Write out again only the lines between the one with "Trucker Hat —" and the end of the records below, both ends counted, and don't include the pictures.

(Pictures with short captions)
* * *

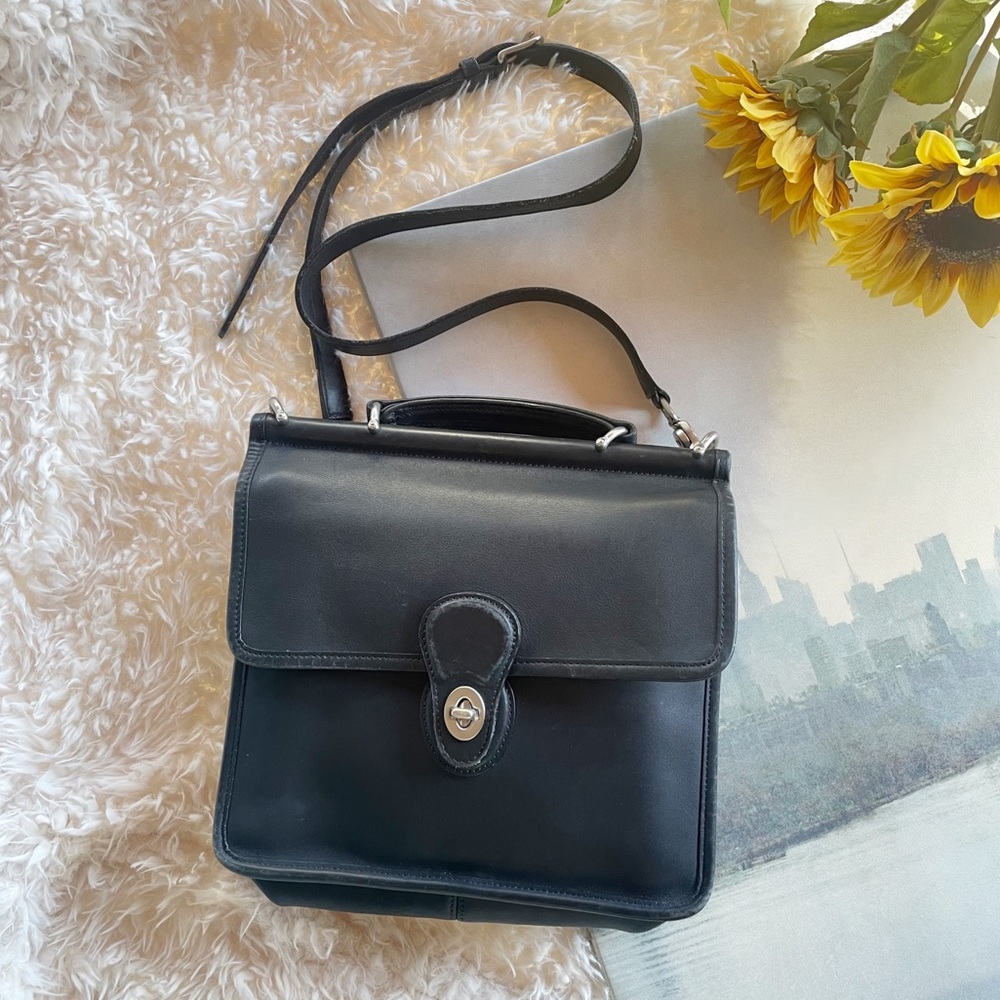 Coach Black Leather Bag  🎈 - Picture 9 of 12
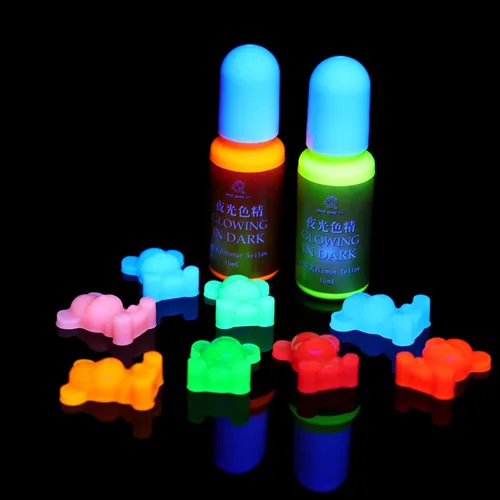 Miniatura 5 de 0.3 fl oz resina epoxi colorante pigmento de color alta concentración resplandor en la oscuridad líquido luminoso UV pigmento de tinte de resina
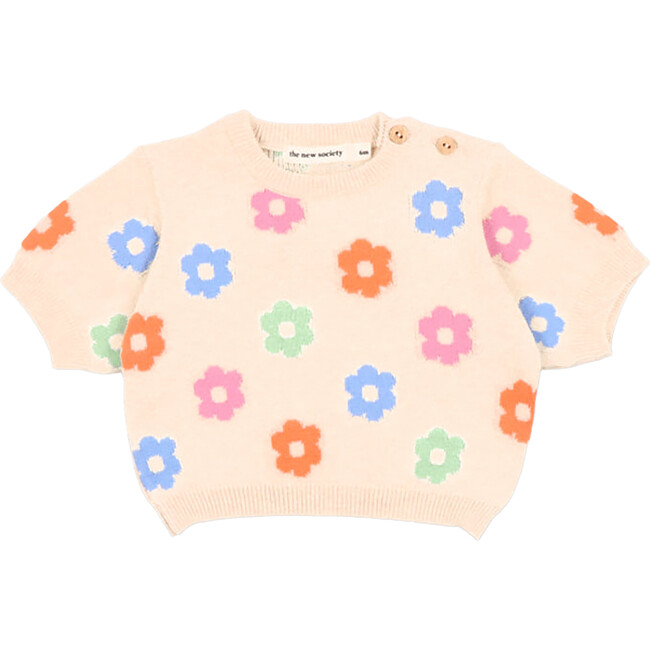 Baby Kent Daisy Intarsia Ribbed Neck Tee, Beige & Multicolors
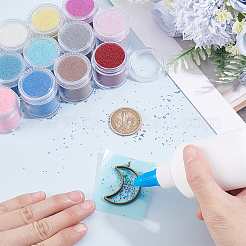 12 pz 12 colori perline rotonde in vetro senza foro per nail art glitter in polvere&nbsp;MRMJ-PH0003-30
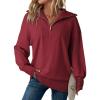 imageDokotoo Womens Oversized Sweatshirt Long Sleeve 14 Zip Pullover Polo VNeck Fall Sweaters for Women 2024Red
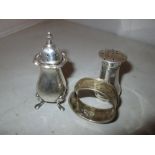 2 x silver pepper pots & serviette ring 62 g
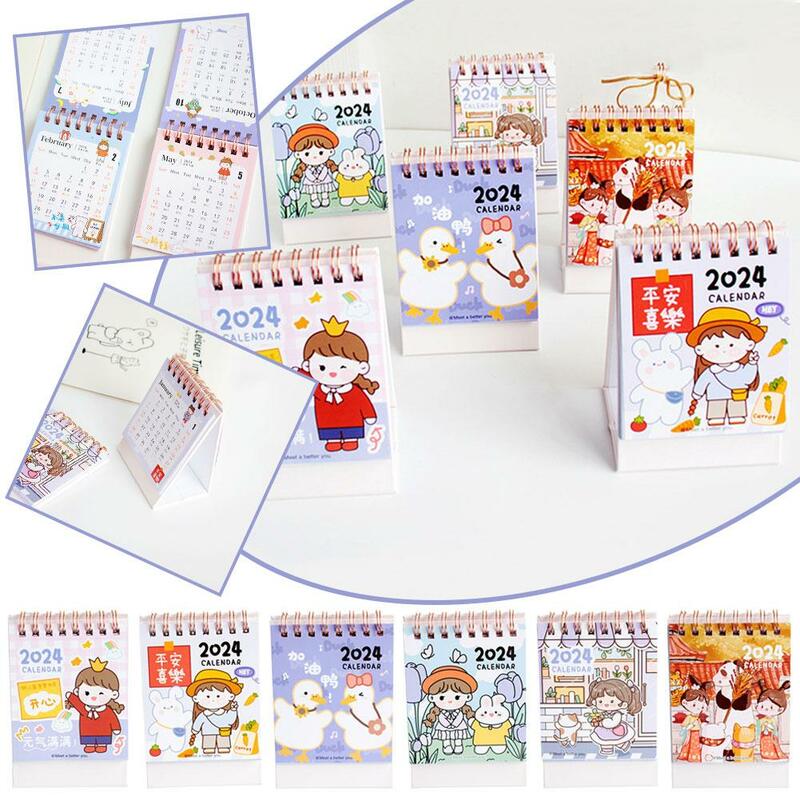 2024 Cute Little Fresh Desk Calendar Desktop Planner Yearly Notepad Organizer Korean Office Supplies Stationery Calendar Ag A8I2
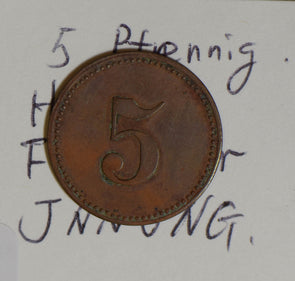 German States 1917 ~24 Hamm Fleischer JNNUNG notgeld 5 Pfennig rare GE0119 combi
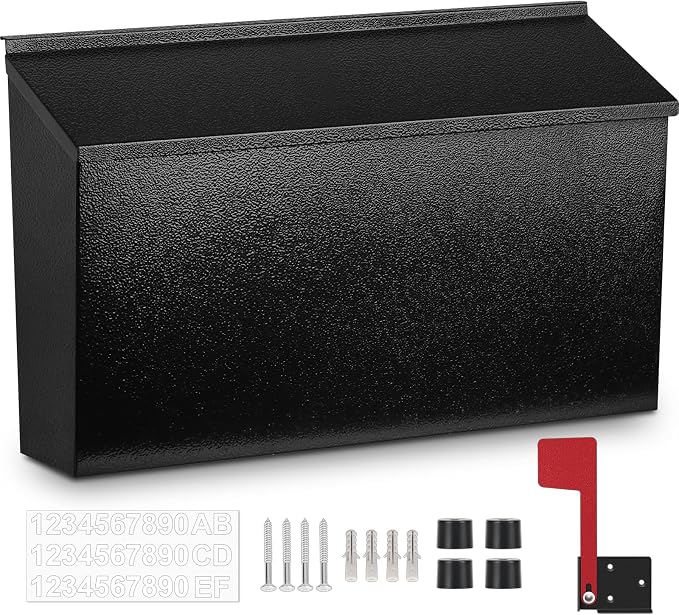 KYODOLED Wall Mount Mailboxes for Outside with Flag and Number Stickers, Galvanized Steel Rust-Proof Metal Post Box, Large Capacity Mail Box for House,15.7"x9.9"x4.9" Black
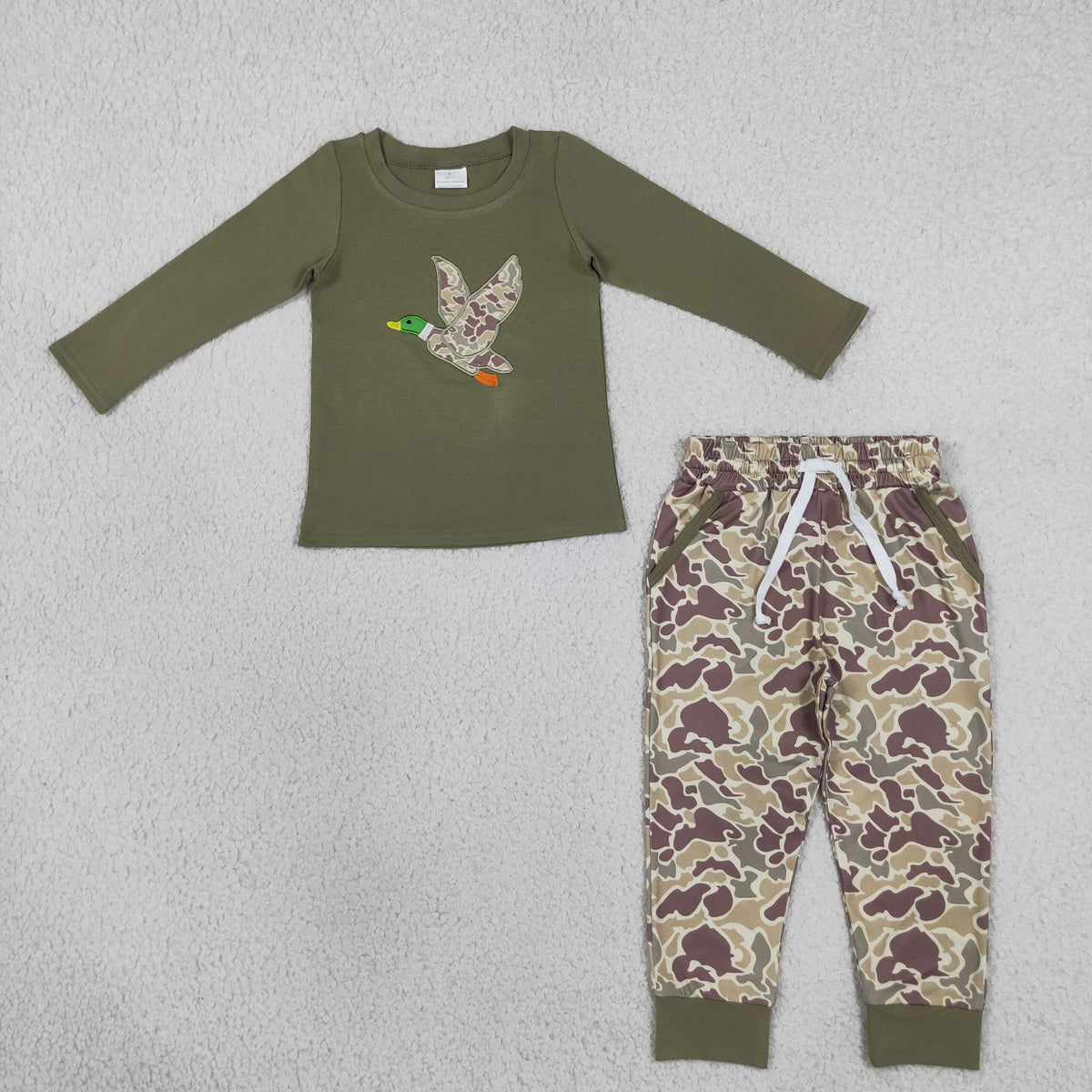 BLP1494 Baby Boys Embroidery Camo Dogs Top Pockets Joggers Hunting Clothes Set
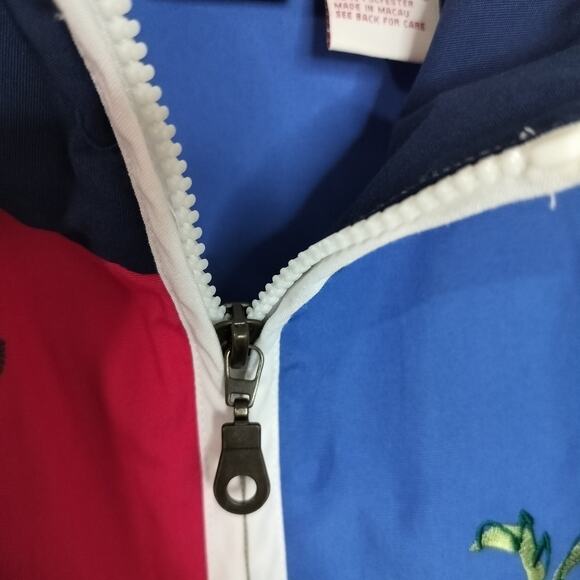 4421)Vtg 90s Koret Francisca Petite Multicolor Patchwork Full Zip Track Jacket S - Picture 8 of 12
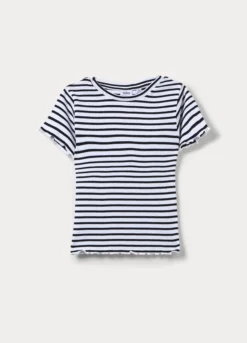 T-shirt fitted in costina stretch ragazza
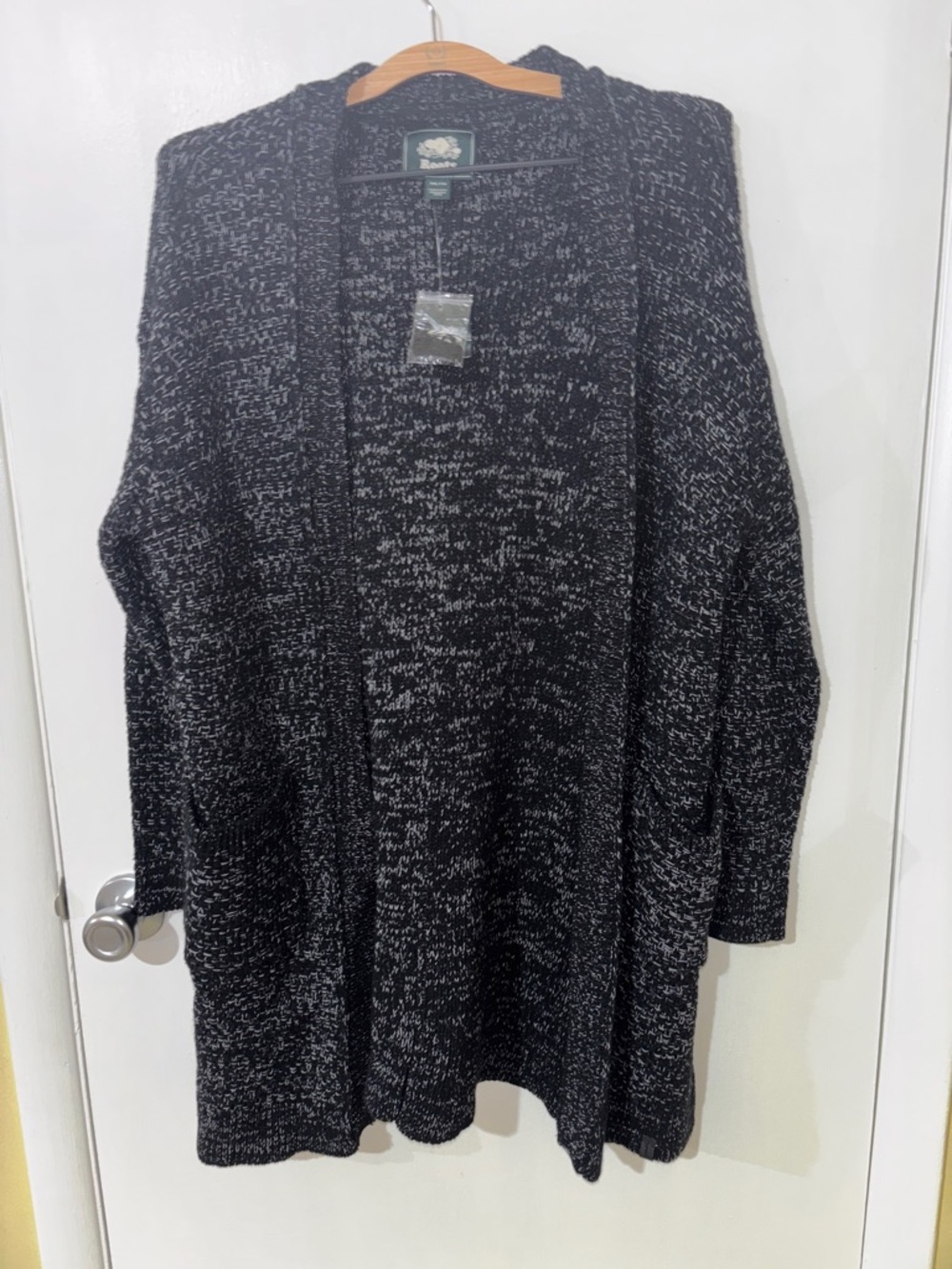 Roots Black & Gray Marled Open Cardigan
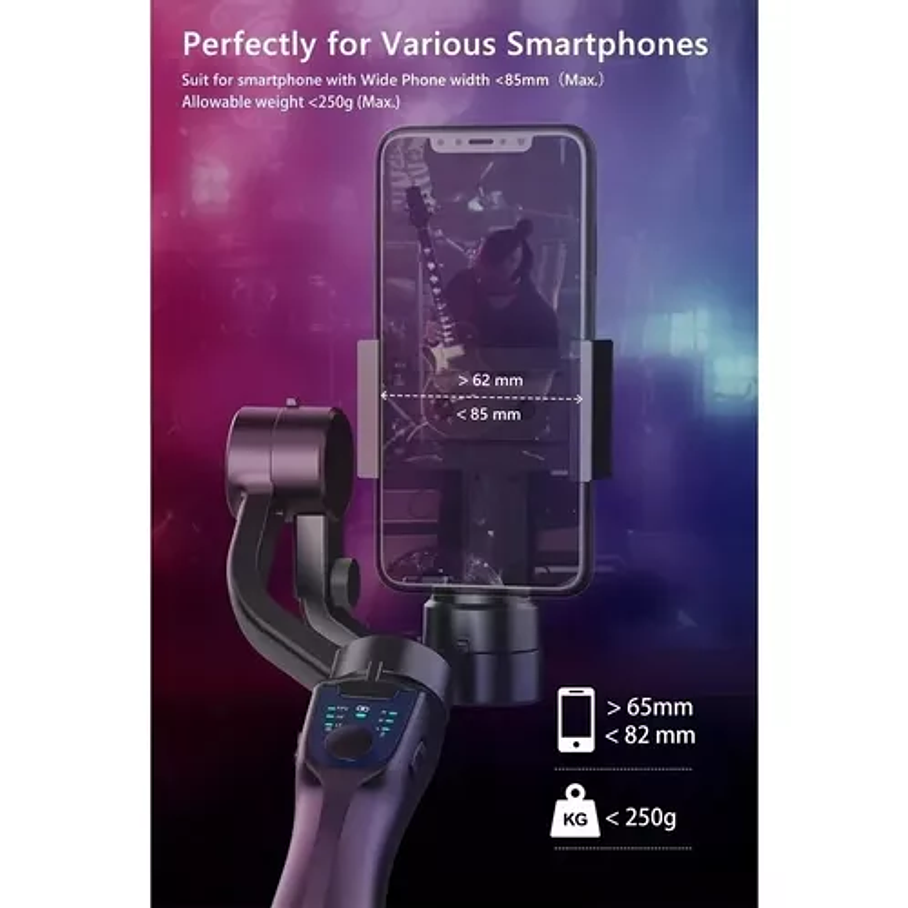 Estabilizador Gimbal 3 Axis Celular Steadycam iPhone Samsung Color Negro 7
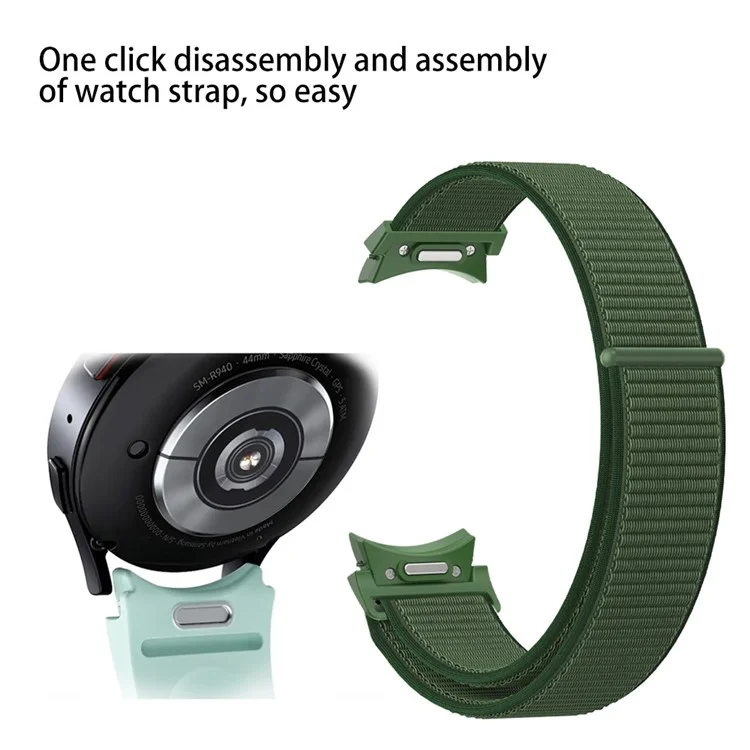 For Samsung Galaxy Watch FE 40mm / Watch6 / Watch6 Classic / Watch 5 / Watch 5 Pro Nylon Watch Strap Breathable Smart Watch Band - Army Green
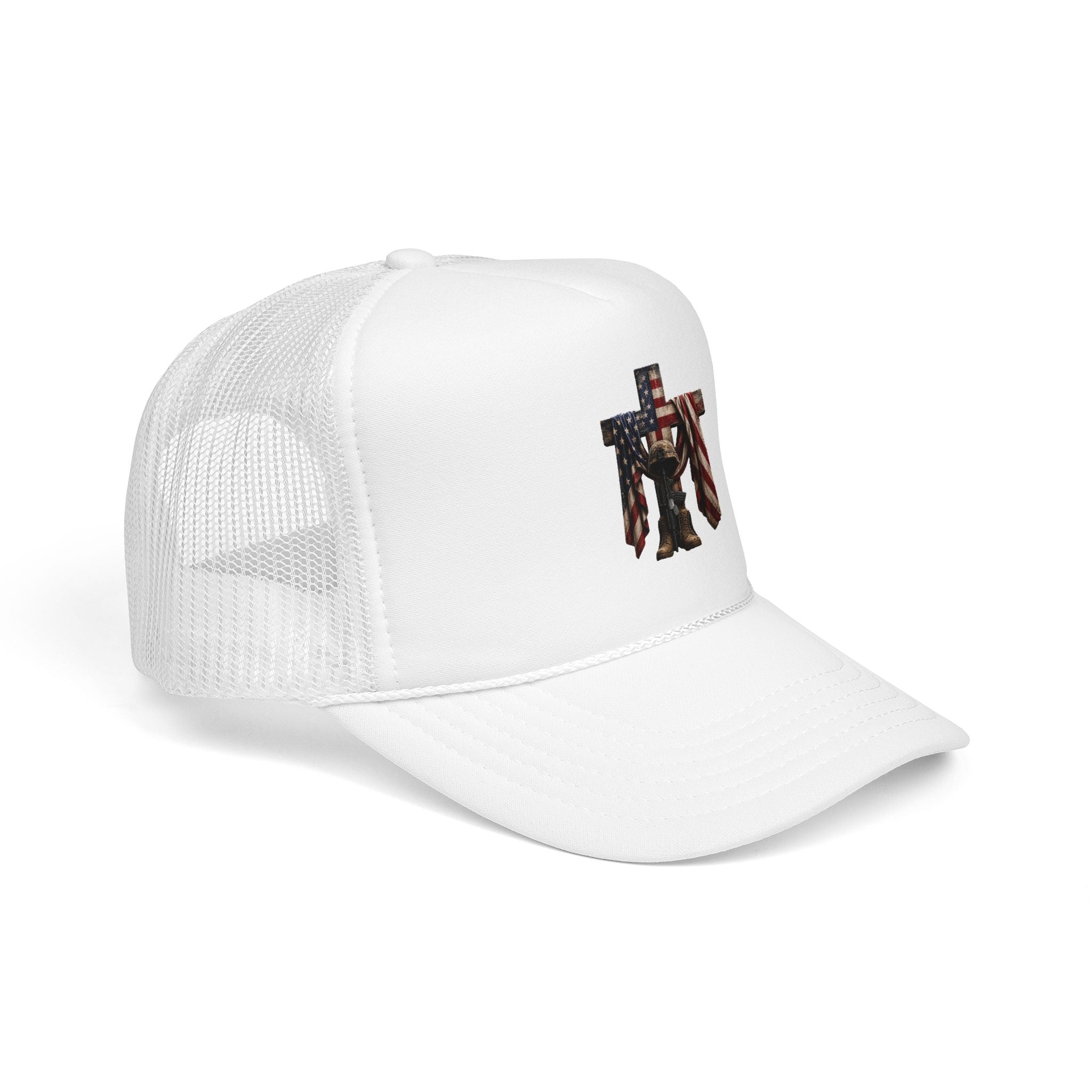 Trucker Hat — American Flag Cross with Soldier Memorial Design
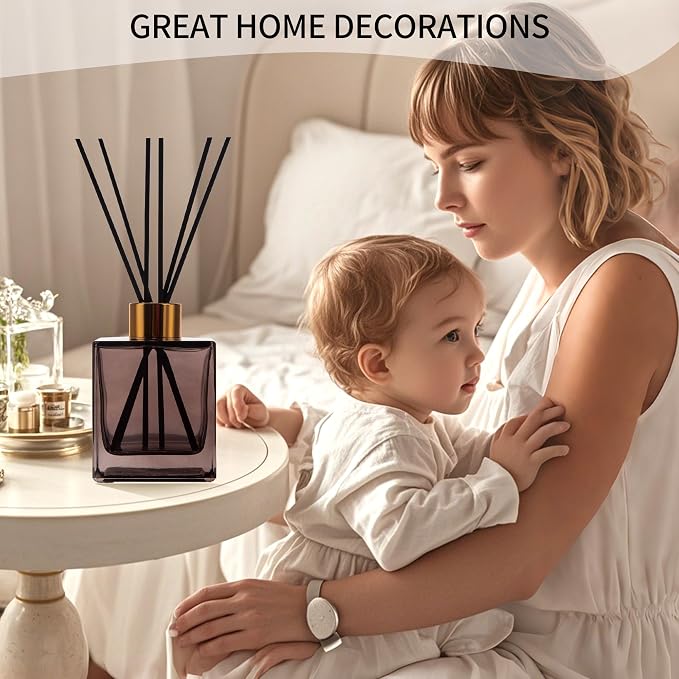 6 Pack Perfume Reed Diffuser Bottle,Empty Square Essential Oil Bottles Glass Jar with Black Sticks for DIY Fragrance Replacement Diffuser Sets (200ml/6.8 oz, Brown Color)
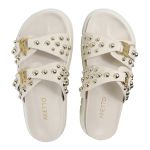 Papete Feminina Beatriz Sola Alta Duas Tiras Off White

* * *

- EXPECTED ANSWER
 Trucker Hat — American Flag Cross with Soldier Memorial Design
 6 Pack Perfume Reed Diffuser Bottle,Empty Square Essential Oil Bottles Glass Jar with Black Sticks for DIY Fragrance Replacement Diffuser Sets (200ml/6.8 oz, Brown Color)
 Papete Feminina Beatriz Sola Alta Duas Tiras Off White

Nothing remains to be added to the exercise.